By the end of the first year, the programme had co-produced the “North West London Integration Toolkit”, which provided the design principles for implementation at early adopter sites across the region [1]. The defining contribution made by lay partners to this work was recognised in a government report [5] an independent evaluation [6] and an NHS award for Patient Champion of the Year [7]. The next challenge is to ensure that the culture of co-production is sustained as the programme of implementation through local early adopters gets underway.

Lessons learned

Recruit the right people. The most effective and committed lay partners had these qualities:

  • Lived experience as a patient and / or carer.
  • Experience of working at a strategic level, in any field.
  • Commitment to a shared vision - not single issue champions.
  • Willingness to challenge professionals
  • Ability to listen, weigh arguments and help reach a consensus.
  • Diverse connections within the community.
  • Time to read papers, attend meetings and communicate.

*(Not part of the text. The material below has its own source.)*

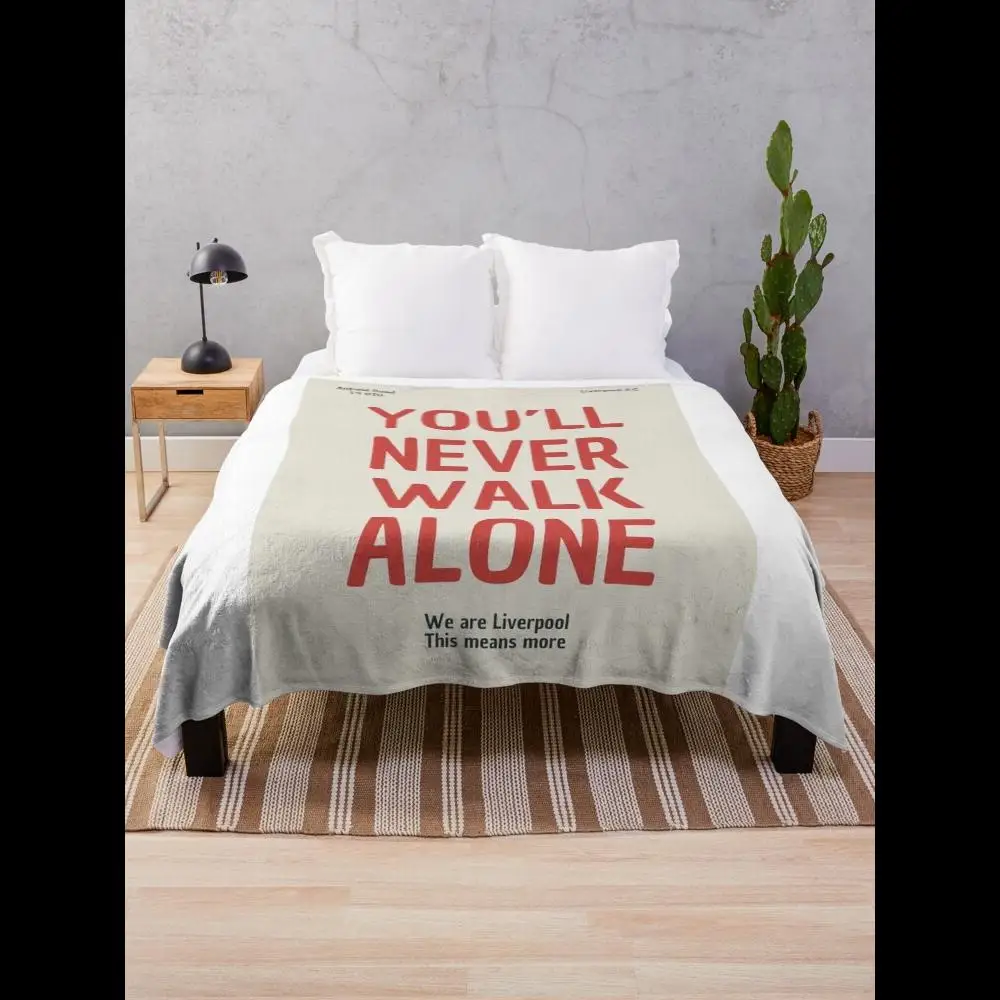 Youll Never Walk Alone Throw Blanket Liverpool FC Print Minimalist Soccer Art Home Decor Cozy Bedroom Throws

Provide support. It was important that a core group of committed lay partners stayed in the Group from the start, gaining the trust of professionals and helping to embed a culture of co-production. We were fortunate in recruiting lay partners who were willing to give so much of their time over such a long period. It was important that they had support from the leadership and programme management and that they were valued and respected. We could have done more to support those who could not take part because of other responsibilities, eg by offering remuneration, holding evening meetings, or supporting carers.

“I remain involved because the programme is purposeful, insightful and really committed to making change, we work well as a team of very different but complementary interests and experiences, I see the fruits of our efforts and I feel motivated by what I believe is a shift in culture in the programme to really hear and understand the value of what patients, carers and families have to say at the highest level of decision making.” Lay partner

Continued recruitment. The need for lay partners extended beyond the design phase, as early adopters began local implementation. Those who had been on the journey from the start were much in demand. In retrospect we should have been bringing more new people in throughout the design phase to meet this demand.


In summary, we found that co-production at a strategic level added value to the design of our integrated care system, and embedded a culture of patient-centred working that we might not otherwise have achieved.

Competing Interests

The authors declare that they have no competing interests.